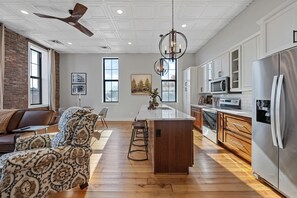 Refrigerador, microondas, horno, placa de cocina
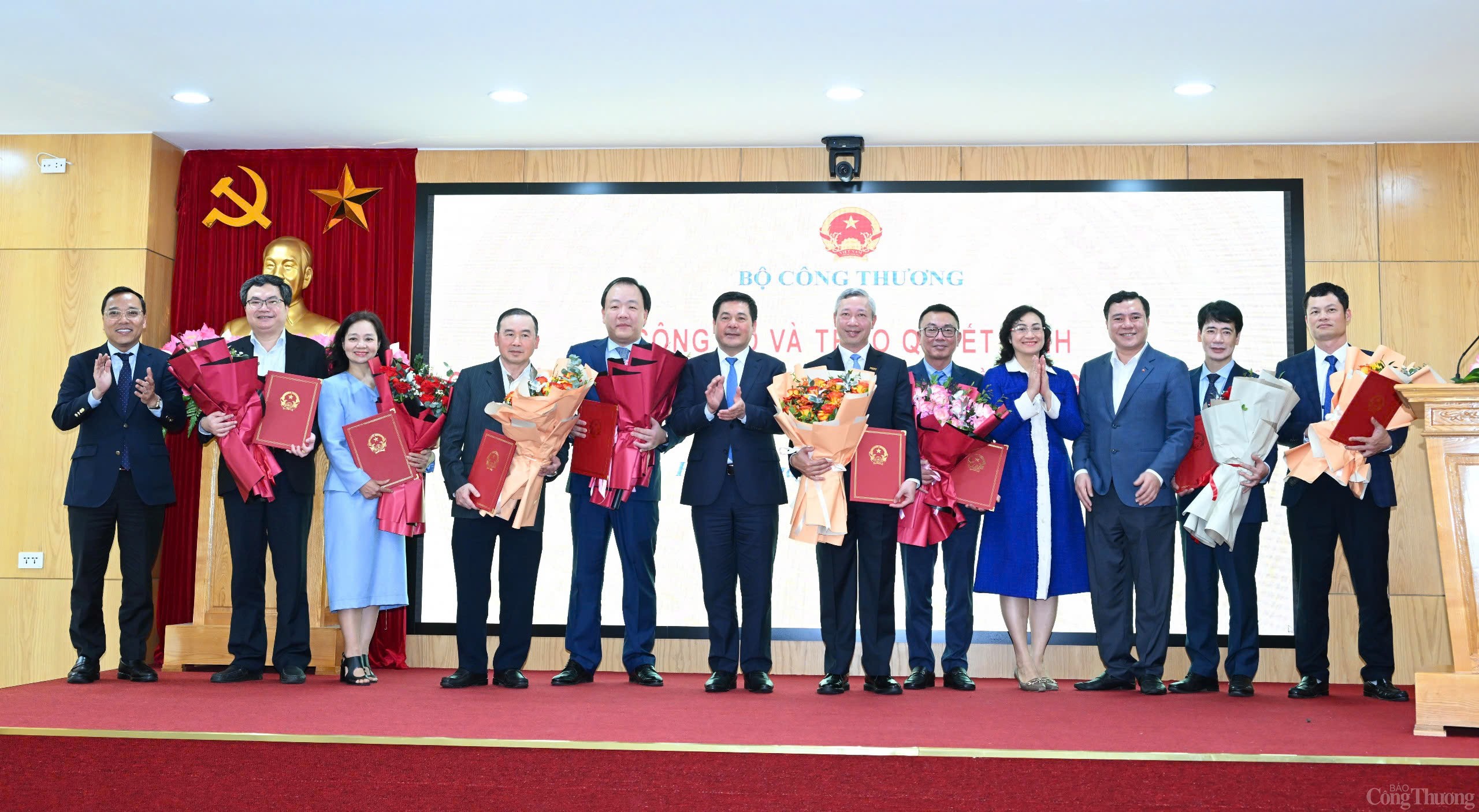 Tạ Hoàng Linh - Vụ trưởng Vụ Phát triển thị trường nước ngoài Tạ Hoàng Linh - Vụ trưởng Vụ Phát triển thị trường nước ngoài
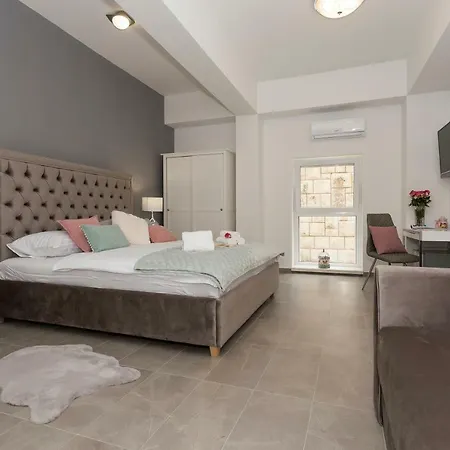 Luxury Saint Jacob Vendégház 4*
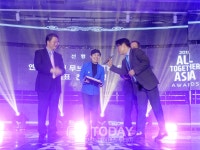 [Fnt포토] 거리 댄서들의 어머니 상 받다 선행상 엔터테이너 무브먼트 ThePOP 천미선 대표...(2018 올투게더아시아 어워즈 파티)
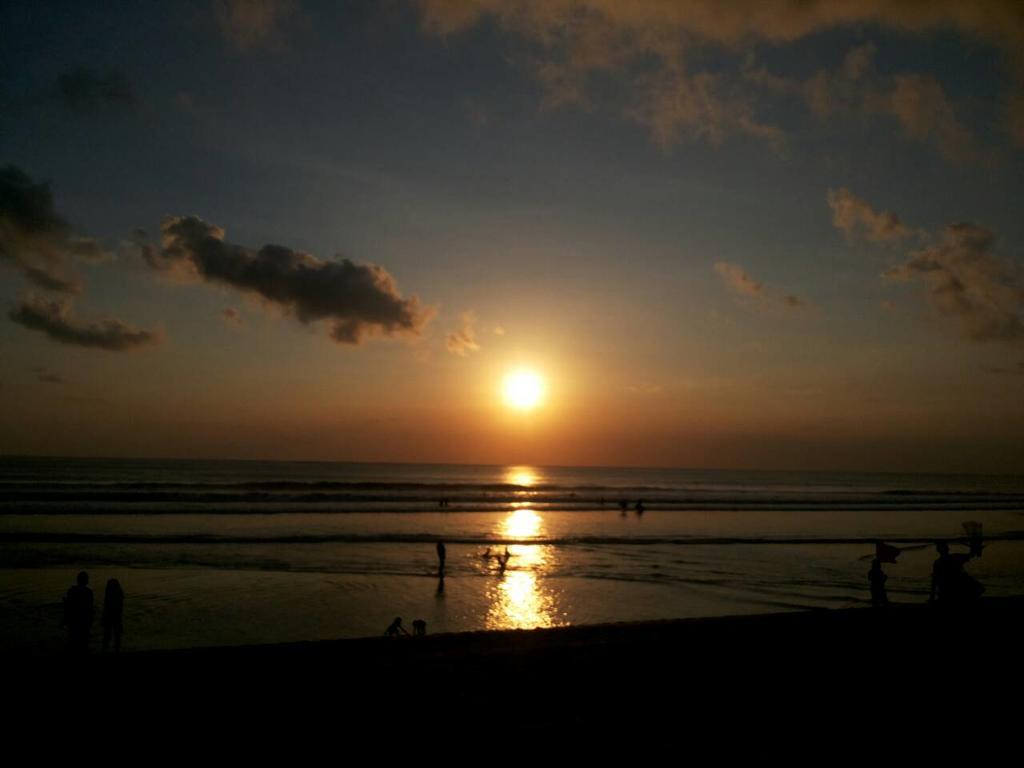 Qb Sleep Capsule Hotel Kuta Lombok Esterno foto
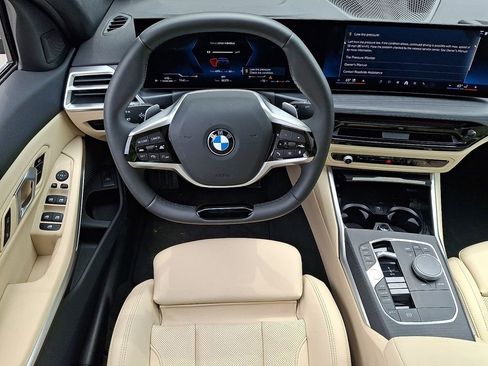 Used 2025 BMW 330i xDrive Sedan w/ Convenience Package AWD/4WD image 12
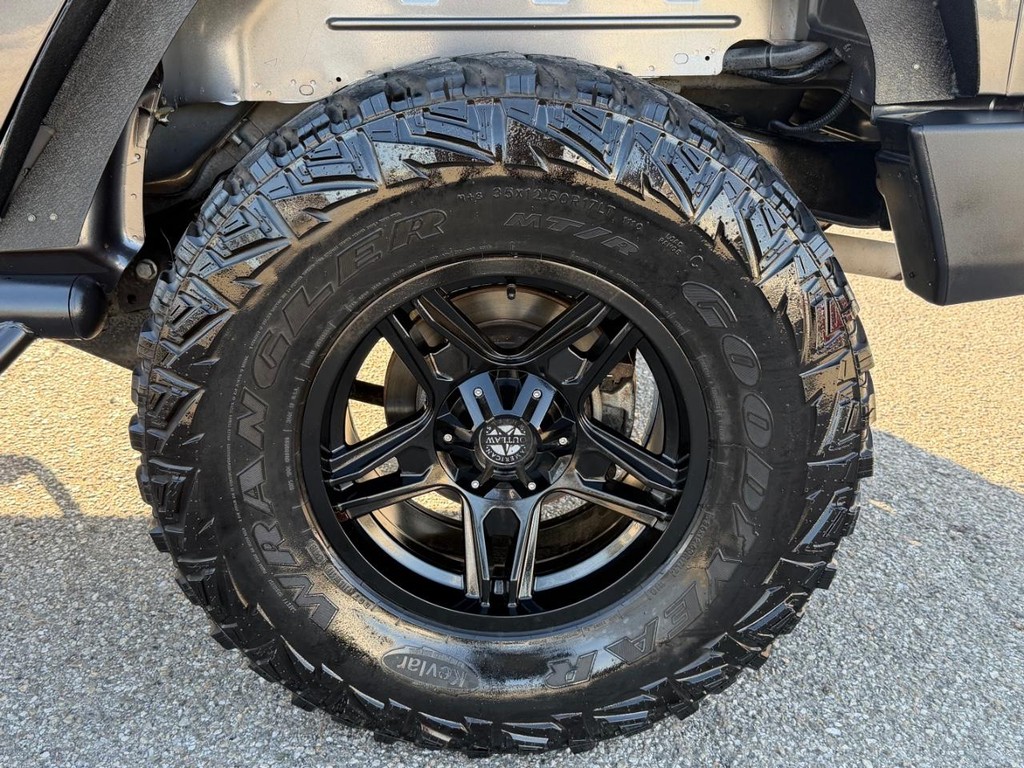 Jeep Wrangler Unlimited Vehicle Full-screen Gallery Image 44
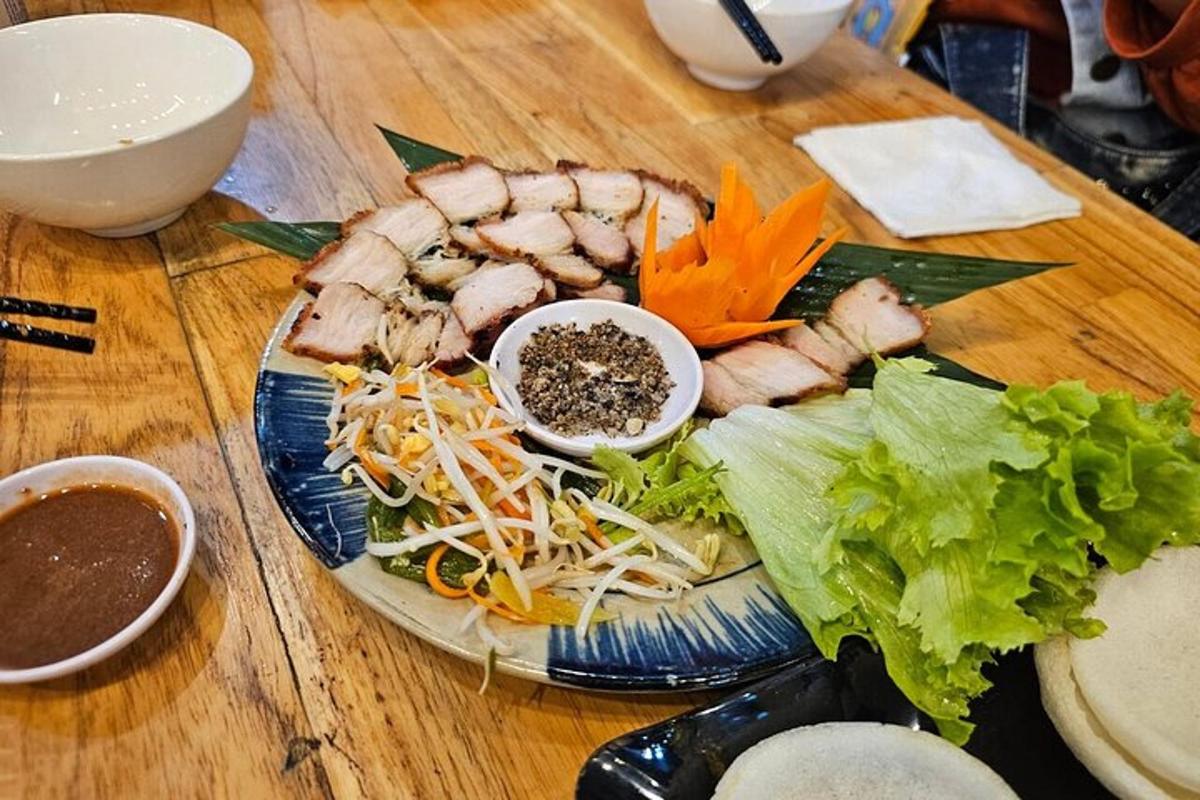 桌上有一盘有肉和蔬菜的食物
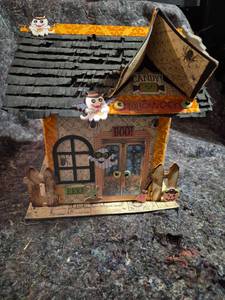 lot 16 image: Halloween Haunted House Cardboard Decoration with Roof and Accessories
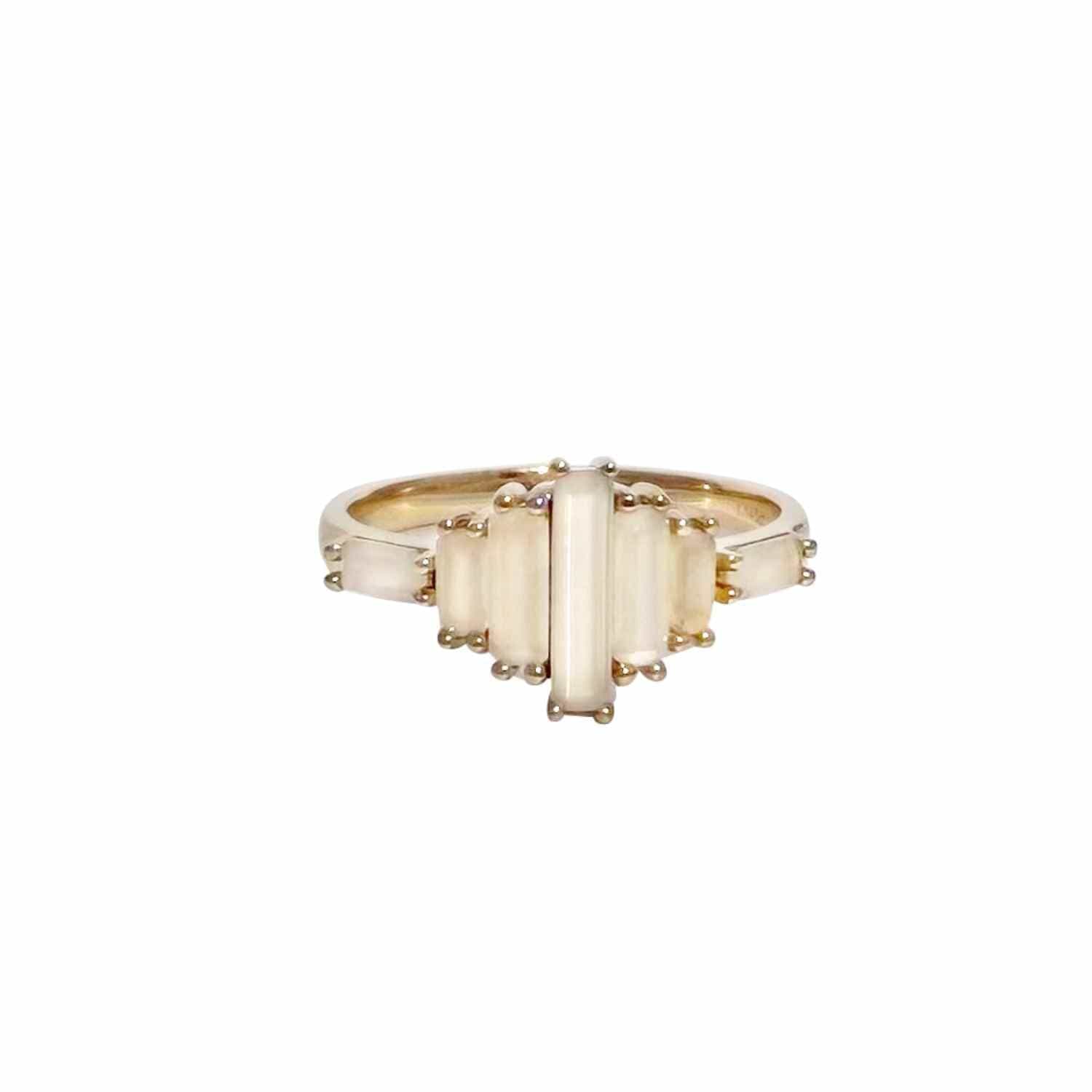 EVELYNE-M BAGUETTE | Paper White Moonstone Bridge - Ring - 18 Karat Gold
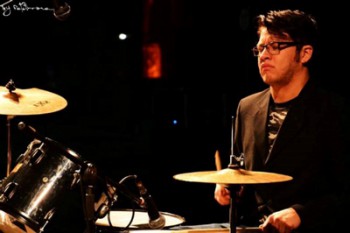 44 02 personajes-bateristas1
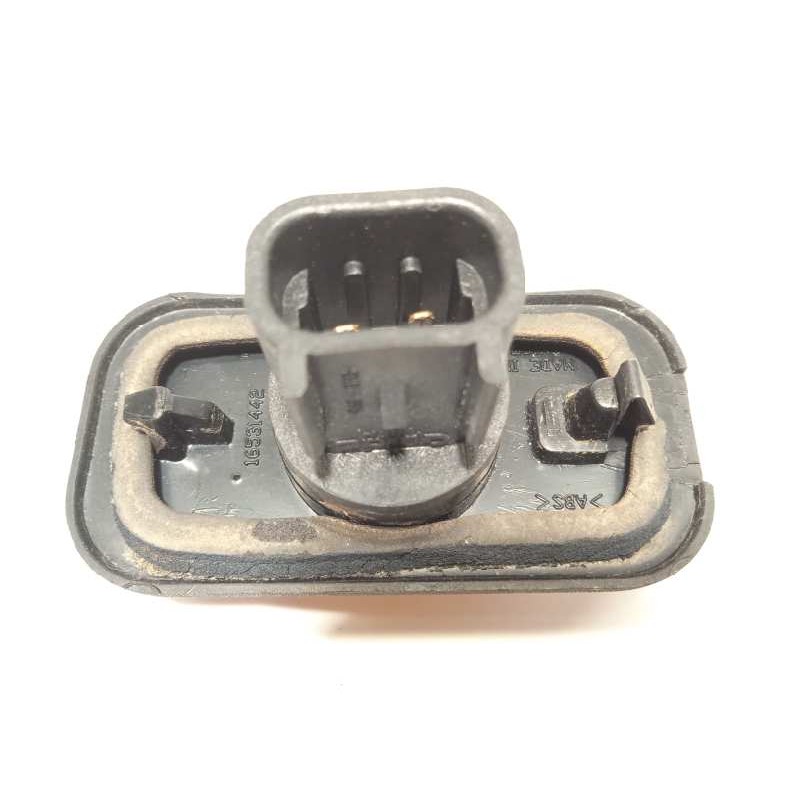 Recambio de piloto delantero derecho para hummer h2 6.0 referencia OEM IAM 15105494  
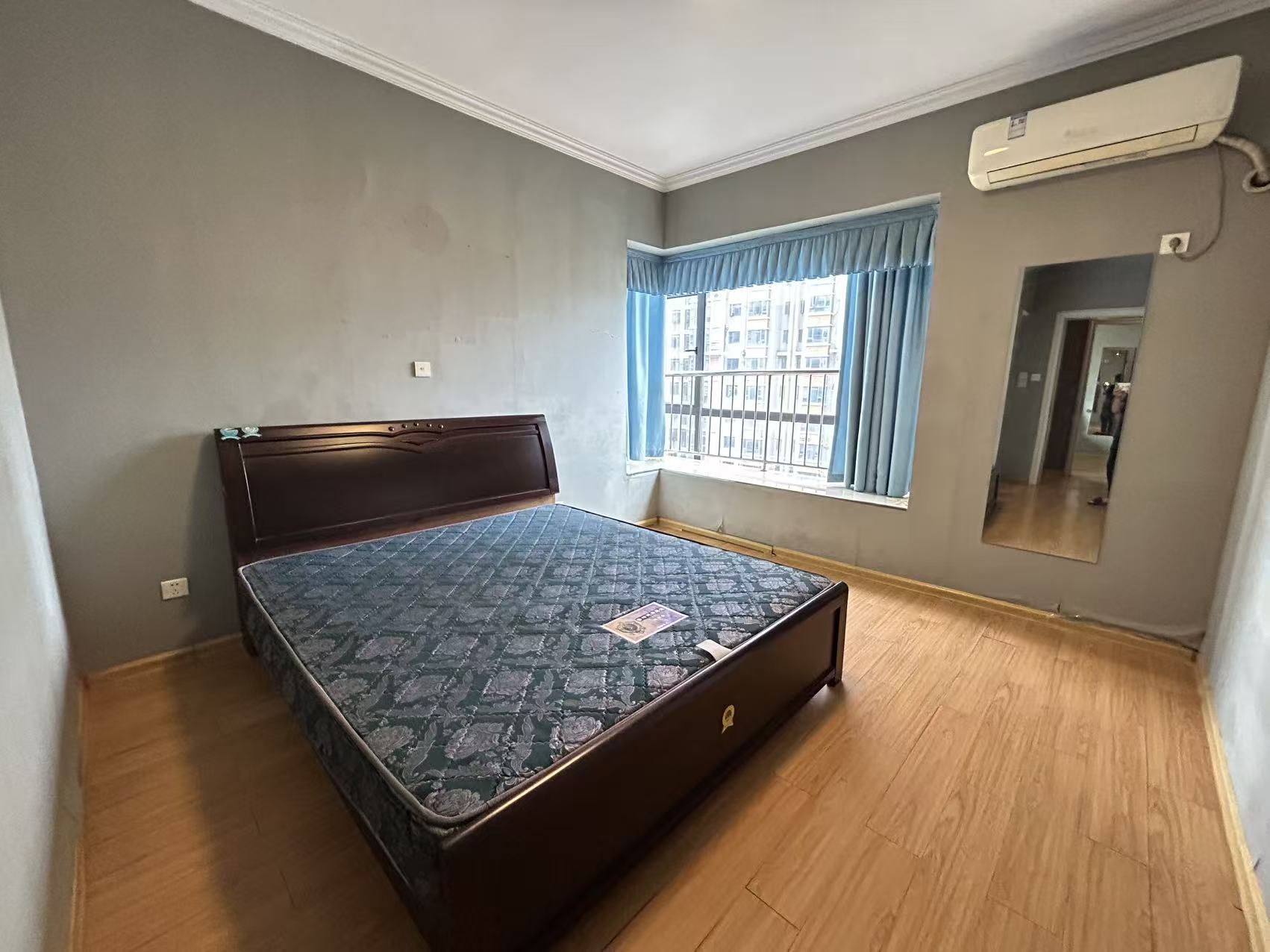 庐山春天早安华晨  1室2厅1卫    65.0万 庐山春天早安华晨  1室2厅1卫    65.0万室内图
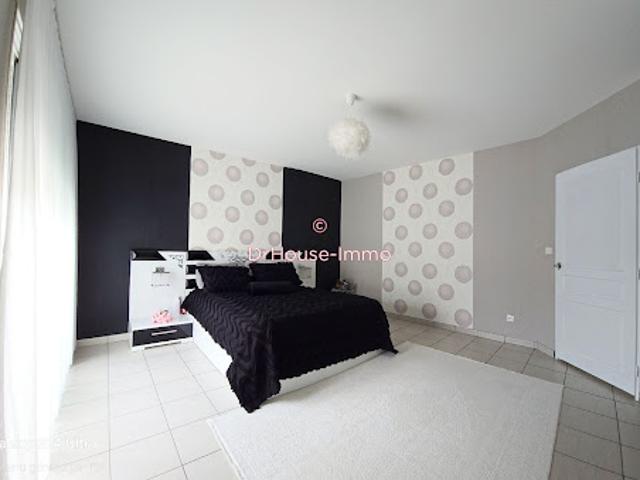 Vente Maison 6 pièces 170 m2 Unieux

Required work. Transcribe all of the lines above exactly as given. The pictures stay out.

Answer section.
 Refrigerador, microondas, horno, placa de cocina
 Tạ Hoàng Linh - Vụ trưởng Vụ Phát triển thị trường nước ngoài Tạ Hoàng Linh - Vụ trưởng Vụ Phát triển thị trường nước ngoài
 Luxury Saint Jacob Vendégház 4*
 [Fnt포토] 거리 댄서들의 어머니 상 받다 선행상 엔터테이너 무브먼트 ThePOP 천미선 대표...(2018 올투게더아시아 어워즈 파티)
 Qb Sleep Capsule Hotel Kuta Lombok Esterno foto
 Used 2025 BMW 330i xDrive Sedan w/ Convenience Package AWD/4WD image 12
 Jeep Wrangler Unlimited Vehicle Full-screen Gallery Image 44
 桌上有一盘有肉和蔬菜的食物
 lot 16 image: Halloween Haunted House Cardboard Decoration with Roof and Accessories
 EVELYNE-M BAGUETTE | Paper White Moonstone Bridge - Ring - 18 Karat Gold
 44 02 personajes-bateristas1
 Recambio de piloto delantero derecho para hummer h2 6.0 referencia OEM IAM 15105494  
 庐山春天早安华晨  1室2厅1卫    65.0万 庐山春天早安华晨  1室2厅1卫    65.0万室内图
 Vente Maison 6 pièces 170 m2 Unieux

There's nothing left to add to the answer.